EXTRACTED RECORDS below:
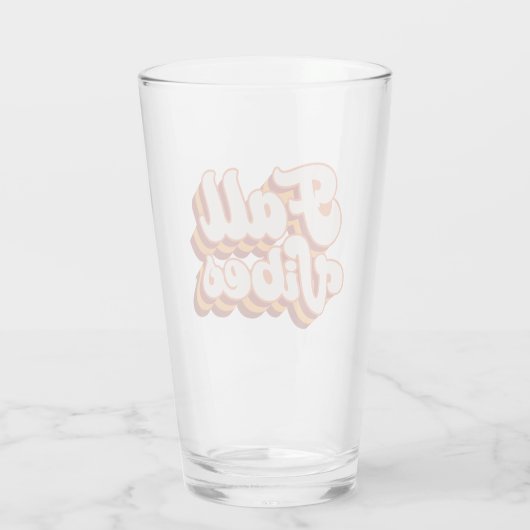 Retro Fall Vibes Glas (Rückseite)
End of EXTRACTED RECORDS.
EXTRACTED RECORDS below:
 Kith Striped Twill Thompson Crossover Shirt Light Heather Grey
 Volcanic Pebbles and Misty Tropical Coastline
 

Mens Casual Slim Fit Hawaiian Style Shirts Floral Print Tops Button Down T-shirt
End of EXTRACTED RECORDS.
EXTRACTED RECORDS below:
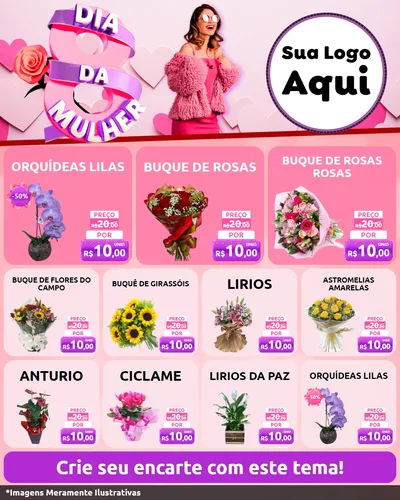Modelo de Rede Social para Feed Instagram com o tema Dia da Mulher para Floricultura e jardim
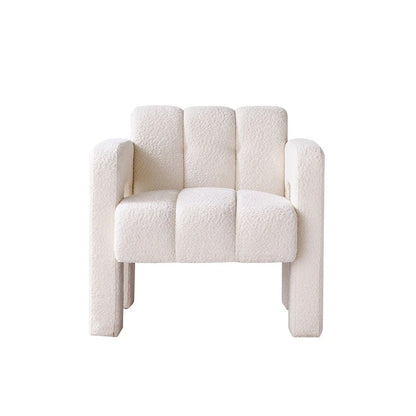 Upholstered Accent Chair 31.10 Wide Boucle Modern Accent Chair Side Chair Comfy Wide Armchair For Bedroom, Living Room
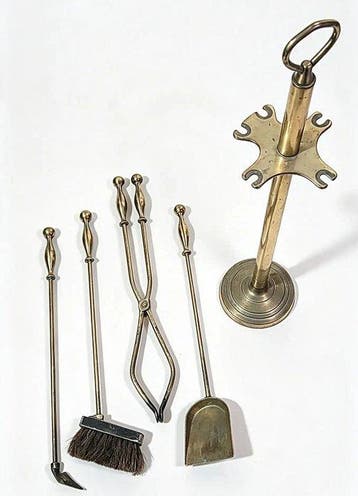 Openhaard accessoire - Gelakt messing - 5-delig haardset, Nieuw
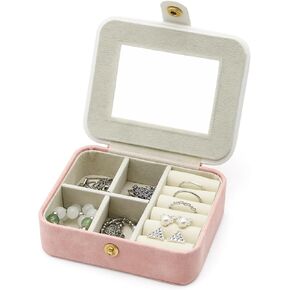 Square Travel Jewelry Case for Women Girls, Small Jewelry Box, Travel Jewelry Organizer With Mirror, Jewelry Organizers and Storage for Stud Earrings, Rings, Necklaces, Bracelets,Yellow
End of EXTRACTED RECORDS.
= WHAT YOU ARE ASKED TO DO =
What is needed is an exact copy of the lines above, from the one containing "Volcanic Pebbles and" through the one containing "Mens Casual Slim", with nothing added.

= REPLY =
 Volcanic Pebbles and Misty Tropical Coastline
 

Mens Casual Slim Fit Hawaiian Style Shirts Floral Print Tops Button Down T-shirt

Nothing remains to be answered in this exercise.